Broken Link Hijacking
Prepare the Google Dorks as social_media_dorks.txt file:
intext:"t.me/"
intext:"discord.com/invite/" OR intext:"discord.gg/invite/"
intext:"youtube.com/c/" OR intext:"youtube.com/channel/"
intext:"twitter.com/" OR intext:"x.com/"
intext:"facebook.com/"
intext:"instagram.com/"
intext:"tiktok.com/"
intext:"linkedin.com/in/" OR intext:"linkedin.com/company/"
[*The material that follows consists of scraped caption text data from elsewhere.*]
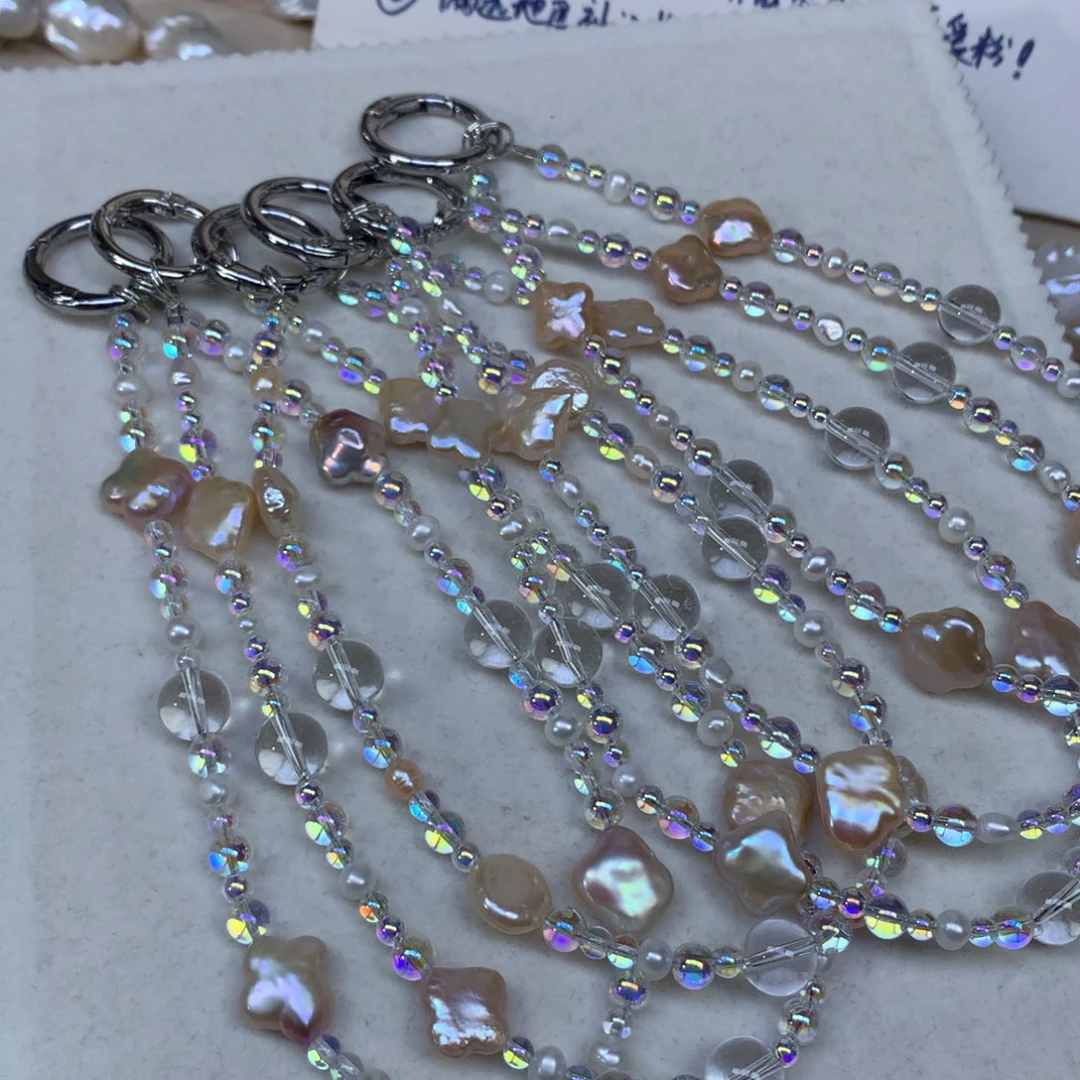 合金淡水珍珠耳环福利手机链随机1个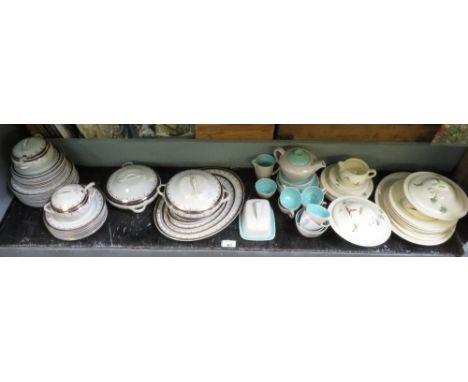 SHELF OF CHINA, INCLUDING POOLE POTTERY &amp; ROYAL DOULTON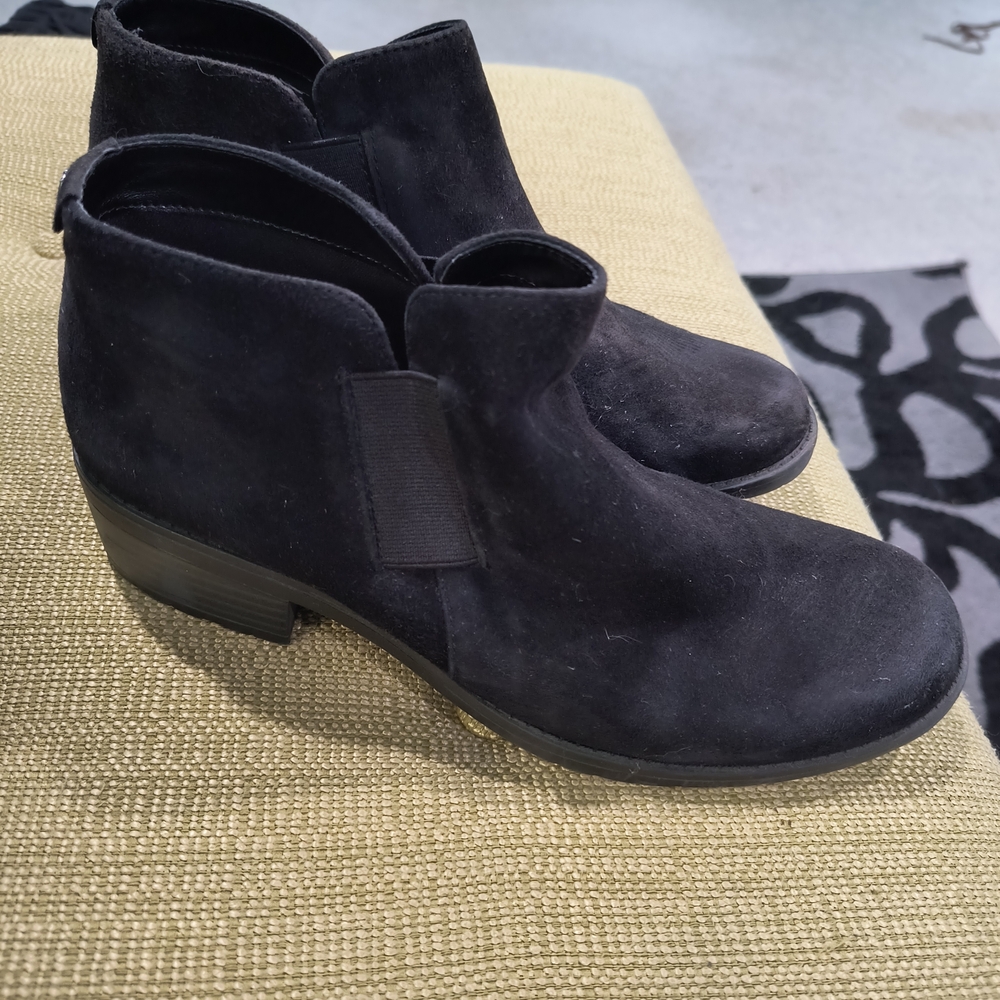 Anne Klein Black Suede Ankle Booties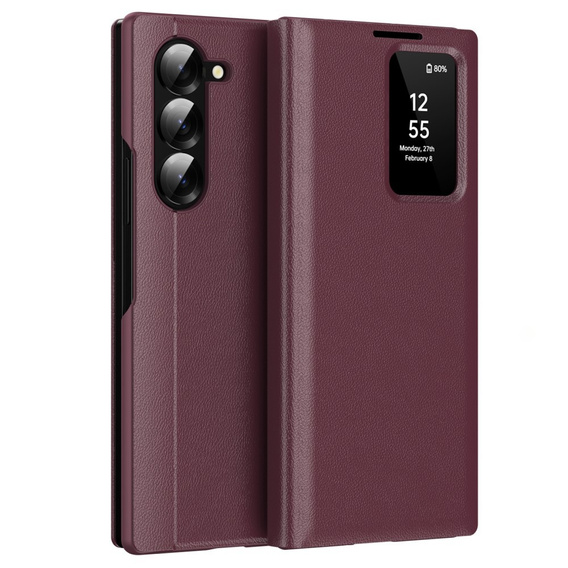 Flipové puzdro pre Samsung Z Fold5 5G, Smart View Wallet, bordové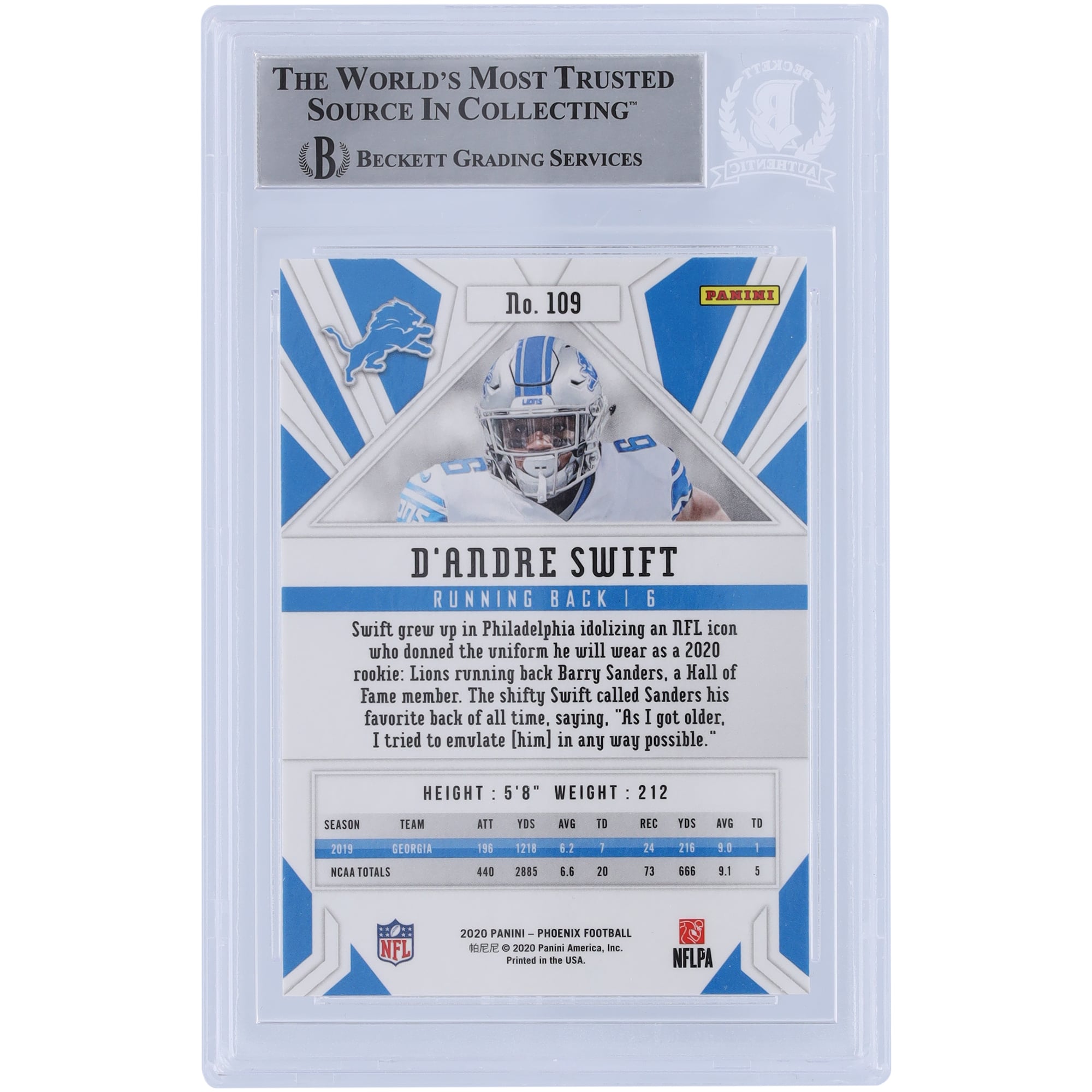 D'Andre Swift Detroit Lions Autographed 2020 Panini Phoenix Base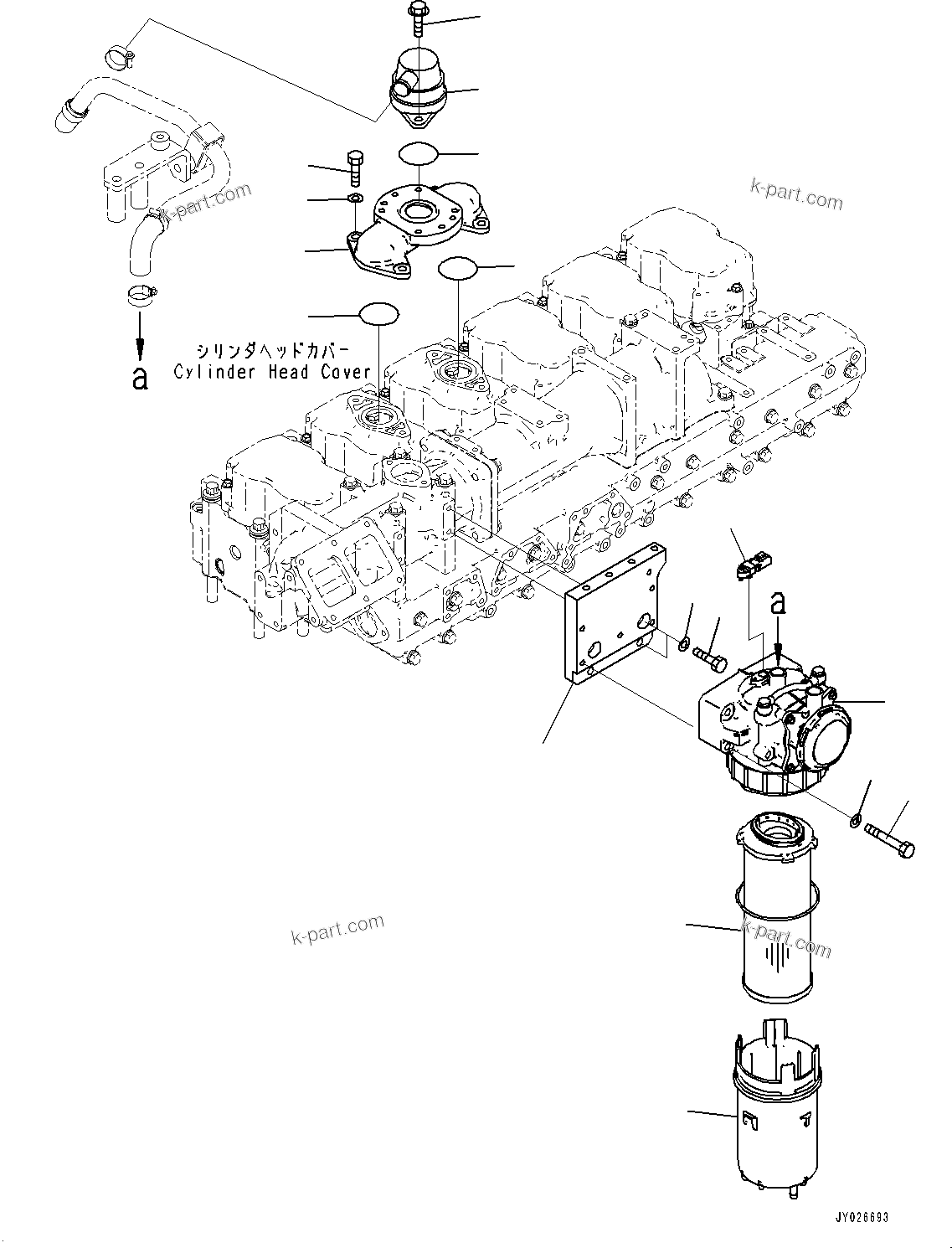 Komatsu parts book diagram for SAA6D140E-7 S/N 837398-UP (For GD955-7): KOMATSU CLOSED CRANKCASE VENTILATION (KCCV), VENTILATOR(#837398-)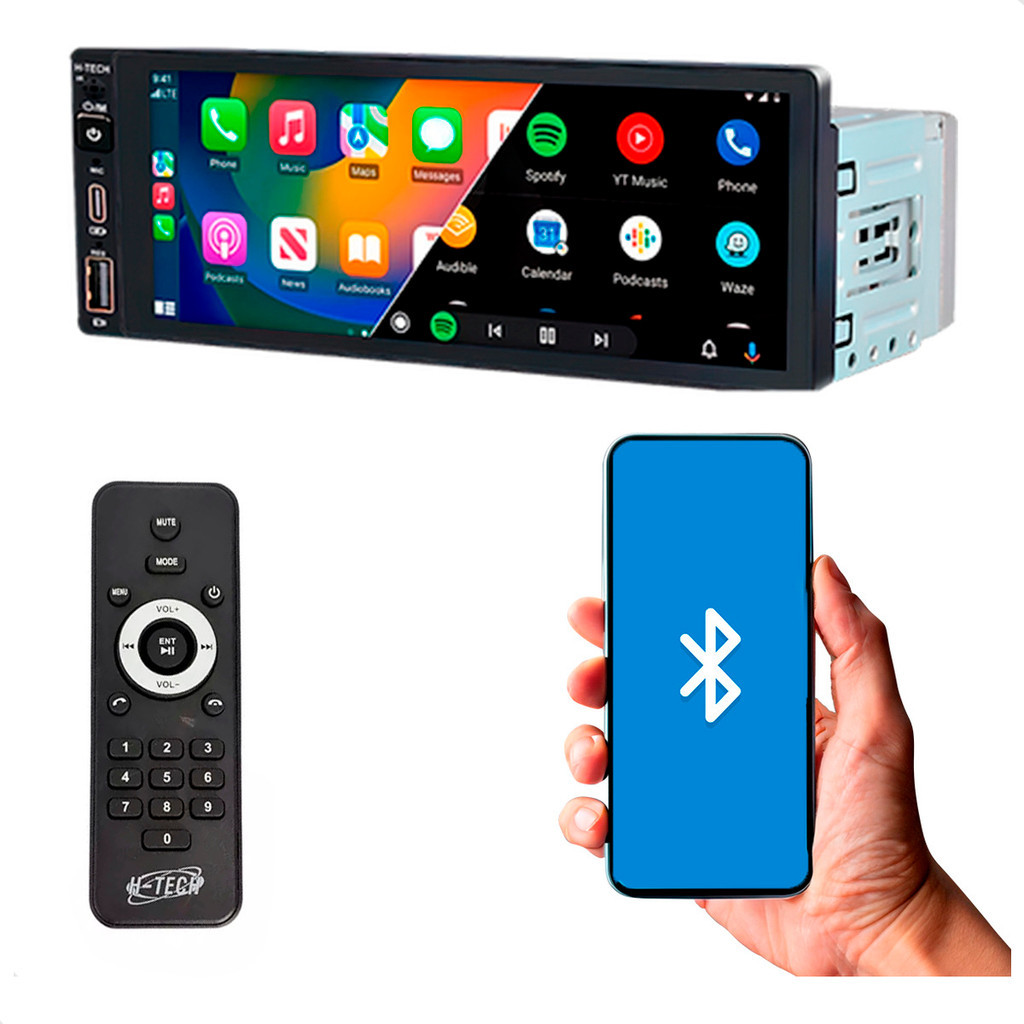 Multimídia 1 Din 6,9" H-tech Ht-2690CA Auto Espelhamento Sem Fio Touch Screen Carplay Android - Spare Parts and Accessories for Vehicles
Prepare the template as social_media_template.json file:
{
"telegram":{
"extract":"t\\.me\\/(?:(?!(?:share)(?:(?:\\/|\\?|\\\\|\"|\\<)*$|(?:\\/|\\?|\\\\|\\\"|\\<)[\\s\\S]))[\\w\\d\\.\\_\\-\\+\\@]+)(?<!\\.)",
"extract_prepend":"https://",
"validate":"<meta property=\"og:title\" content=\"Telegram: Contact .+?\">"
},
"discord":{
"extract":"discord\\.(?:com|gg)\\/invite\\/[\\w\\d\\.\\_\\-\\+\\@]+(?<!\\.)",
"extract_prepend":"https://",
"validate":"Invite Invalid",
"validate_browser":true,
"validate_browser_wait":6
},
"youtube":{
"extract":"youtube\\.com\\/(?:c|channel)\\/[\\w\\d\\.\\_\\-\\+\\@]+(?<!\\.)",
"extract_prepend":"https://www.",
"validate":"<iframe.+?src=\"\\/error\\?src=404.+?\">",
"validate_cookies":{
"SOCS":"CAESEwgDEgk2OTk3ODk2MzcaAmVuIAEaBgiAn5S6Bg"
}
},
"twitter":{
"extract":"(?<=(?<!pic\\.)twitter|(?<!pic\\.)x)\\.com\\/(?:(?!(?:[\\w]{2}\\/)*(?:explore|hashtag|home|i|intent|library|media|personalization|privacy|search|share|tos|widgets\\.js)(?:(?:\\/|\\?|\\\\|\"|\\<)*$|(?:\\/|\\?|\\\\|\\\"|\\<)[\\s\\S]))[\\w\\d\\.\\_\\-\\+\\@]+)(?<!\\.)",
"extract_prepend":"https://x",
"validate":"This account doesn.?t exist",
"validate_browser":true,
"validate_cookies":{
"night_mode":"2"
}
},
"facebook":{
"extract":"facebook\\.com\\/(?:(?!(?:about|dialog|gaming|groups|public|sharer|share\\.php|terms\\.php)(?:(?:\\/|\\?|\\\\|\"|\\<)*$|(?:\\/|\\?|\\\\|\\\"|\\<)[\\s\\S]))[\\w\\d\\.\\_\\-\\+\\@]+)(?<!\\.)",
"extract_prepend":"https://www.",
"validate":"This (?:content|page) isn't available",
"validate_browser":true
},
"instagram":{
"extract":"instagram\\.com\\/(?:(?!(?:about|accounts|ar|explore|p)(?:(?:\\/|\\?|\\\\|\"|\\<)*$|(?:\\/|\\?|\\\\|\\\"|\\<)[\\s\\S]))[\\w\\d\\.\\_\\-\\+\\@]+)(?<!\\.)",
"extract_prepend":"https://www.",
"extract_append":"/",
"validate":"Sorry, this page isn't available\\.",
"validate_browser":true
},
"tiktok":{
"extract":"(?<!vt\\.)tiktok\\.com\\/\\@[\\w\\d\\.\\_\\-\\+\\@]+(?<!\\.)",
"extract_prepend":"https://www.",
"validate":"Couldn't find this account"
},
"linkedin-company":{
"extract":"linkedin\\.com\\/company\\/[\\w\\d\\.\\_\\-\\+\\@\\&]+(?<!\\.)",
"extract_prepend":"https://www.",
"validate":"Page not found",
"validate_cookies":{
"bcookie":"v=2",
"lang":"v=2&lang=en-us"
}
},
"linkedin-user":{
"extract":"linkedin\\.com\\/in\\/[\\w\\d\\.\\_\\-\\+\\@\\&]+(?<!\\.)",
"extract_prepend":"https://www.",
"validate":"An exact match for .+ could not be found\\."
}
}
Make sure your regular expressions return only one capturing group, e.g., [1, 2, 3, 4]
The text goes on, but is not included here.